* Exercise description: No picture belongs in the answer, which must hold exactly the lines from the one with "Chicago Icons Crewneck" through the final line below.

- - - - -

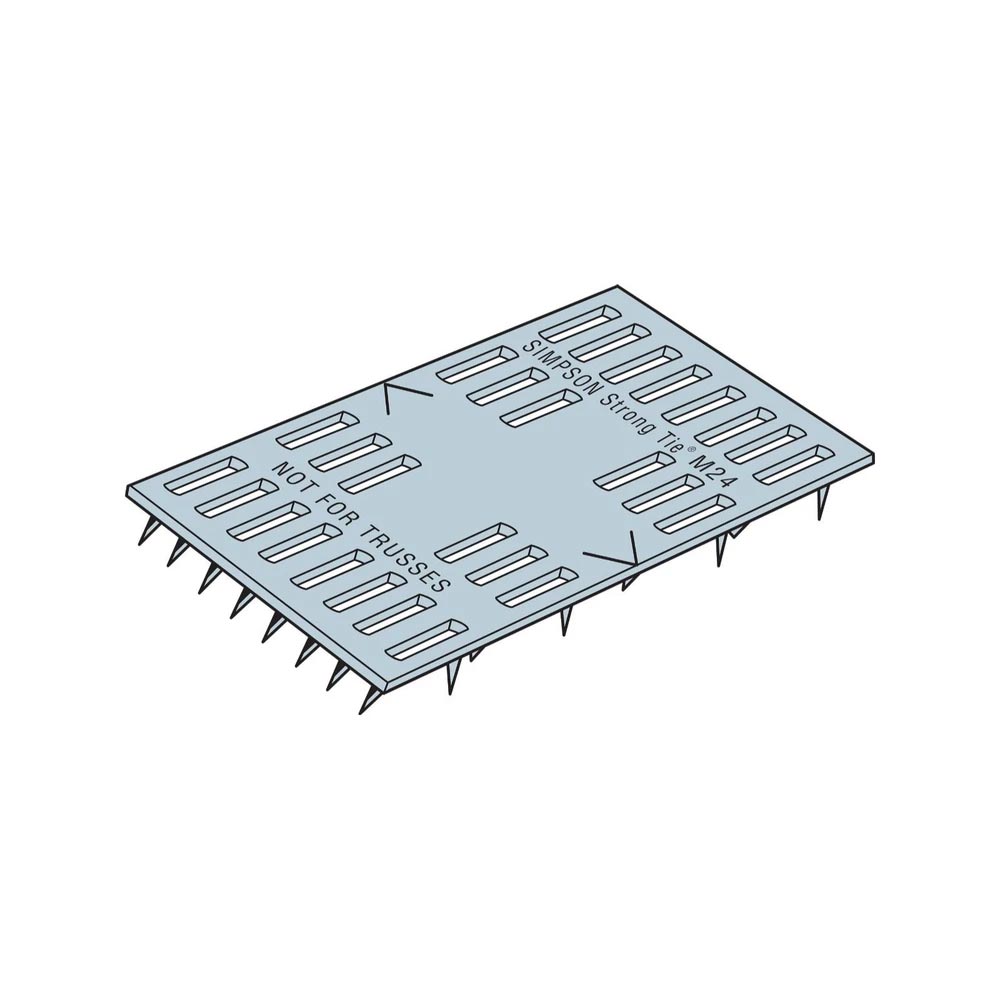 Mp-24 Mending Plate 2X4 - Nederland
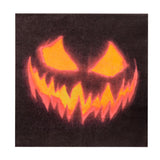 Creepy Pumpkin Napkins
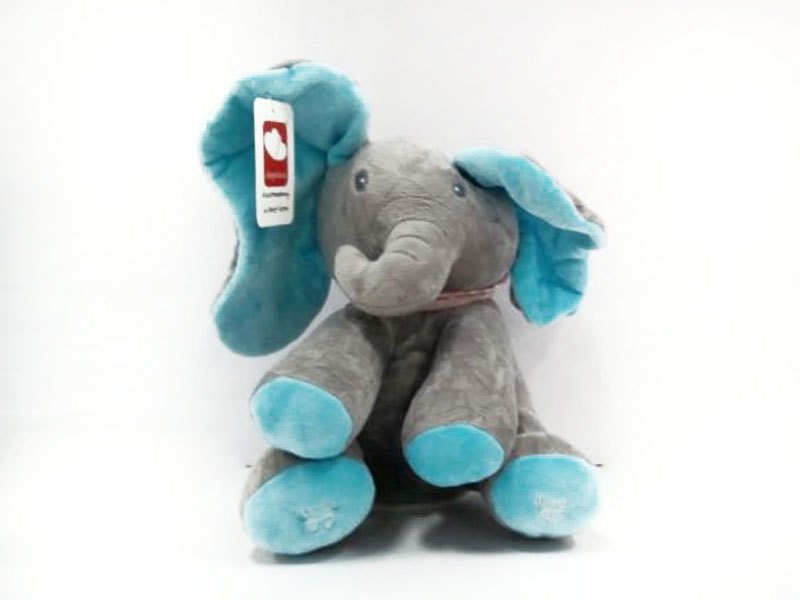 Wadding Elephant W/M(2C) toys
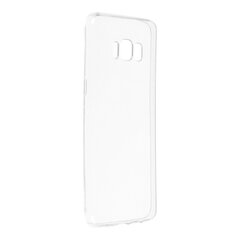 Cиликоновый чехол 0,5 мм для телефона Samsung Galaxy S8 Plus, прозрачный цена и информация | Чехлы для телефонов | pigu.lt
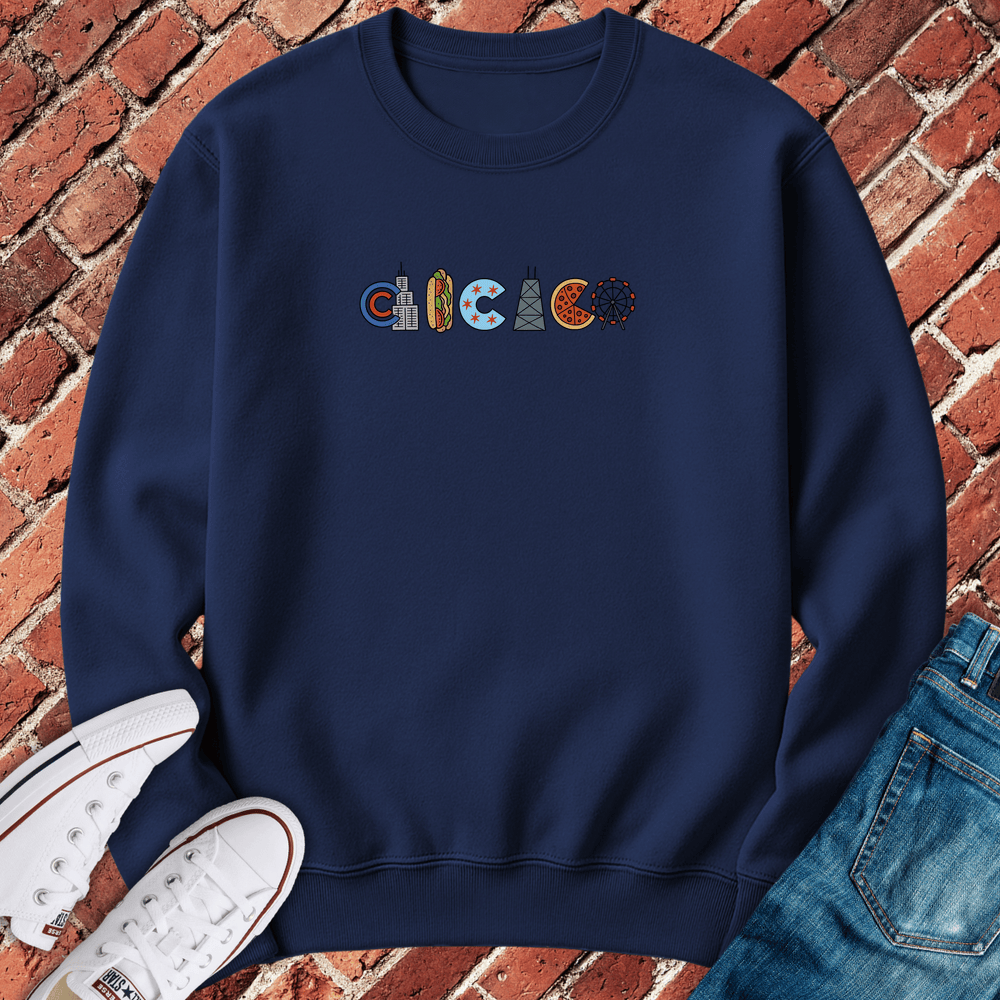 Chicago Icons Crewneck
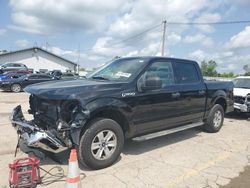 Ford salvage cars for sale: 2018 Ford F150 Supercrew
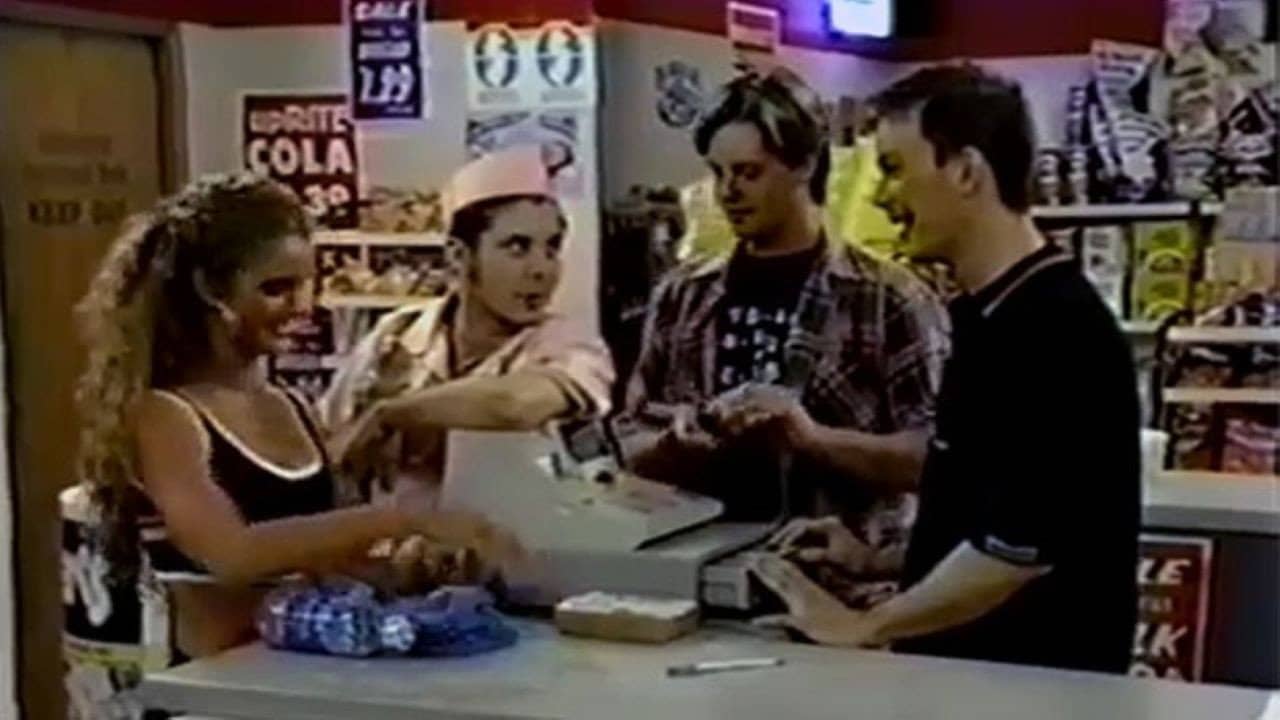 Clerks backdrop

- - - - -

* Reply:
 Chicago Icons Crewneck
 Ford salvage cars for sale: 2018 Ford F150 Supercrew
 Clerks backdrop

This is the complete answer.